Das Landessozialgericht (LSG) Berlin-Brandenburg hat mit Urteil vom 29. September 2014 – L 9 KR 389/12 – entschieden, dass ein Krankengeldanspruch in solchen Fällen trotz des für die Freistellungsphase erhobenen ermäßigten Beitragssatzes ein Krankengeldanspruch nicht ausgeschlossen sei. Vielmehr entstünde der Krankengeldanspruch trotzdem und ruhe nur für die Dauer der bezahlten Freistellung. Scheide der Versicherte nach dem Ende der Beschäftigung nicht aus dem Erwerbsleben aus, so würde mit dem Ende der Beschäftigung ein Krankengeldanspruch aufleben und die Mitgliedschaft nach § 192 Abs. 1 Nr. 2 SGB V fortbestehen. Der Krankengeldanspruch ergebe sich aus §§ 44 und 46 SGB V und nicht daraus, welcher Beitragssatz gezahlt worden sei.

In der Fachkonferenz Leistungs- und Beziehungsrecht am 19./20. März 2015 kamen die Besprechungsteilnehmer überein, dem vorgenannten LSG-Urteil grundsätzlich zu folgen. Demzufolge kann für Arbeitnehmer, die unter Fortzahlung der Bezüge bis zum Ende des vereinbarten Beschäftigungsverhältnisses freigestellt werden, aber im direkten Anschluss nicht aus dem Erwerbsleben ausscheiden, ein Krankengeldanspruch während der Freistellungsphase entstehen. Dauert in diesen Fällen die Arbeitsunfähigkeit über das Ende des Arbeitsverhältnisses an, kommt es grundsätzlich zum Bezug von Krankengeld.

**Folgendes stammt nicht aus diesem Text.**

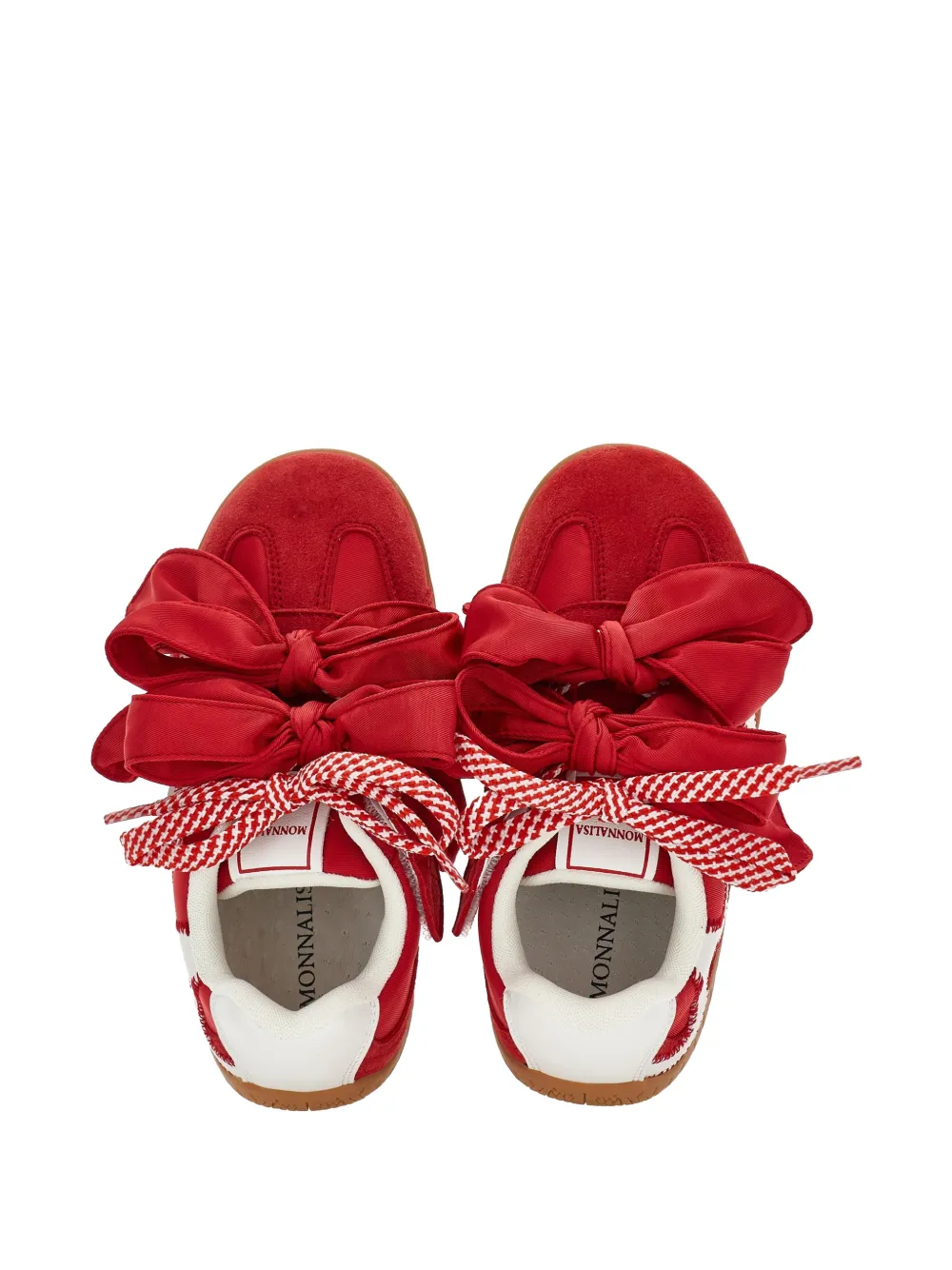 Monnalisa bow-detail panelled sneakers Rood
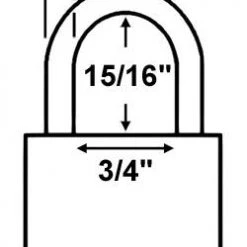 Master Lock 1 Laminated Steel Padlock 5 Master Lock 1 Laminated Steel Padlock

Vor diesem Hintergrund wird die bisherige Bewertung zur Anwendung des maßgebenden Beitragssatzes in der Freistellungsphase für die nicht aus dem Erwerbsleben ausscheidenden Arbeitnehmer angepasst.

Ergebnis:

Während Freistellungen von der Arbeitsleistung unter Fortzahlung der Bezüge besteht im Falle der Arbeitsunfähigkeit für die Arbeitnehmer ein grundsätzlicher Krankengeldanspruch, wenn mit dem Ende des Arbeitsverhältnisses kein unmittelbares Ausscheiden aus dem Erwerbsleben verbunden ist. Dies gilt selbst dann, wenn der Entgeltanspruch...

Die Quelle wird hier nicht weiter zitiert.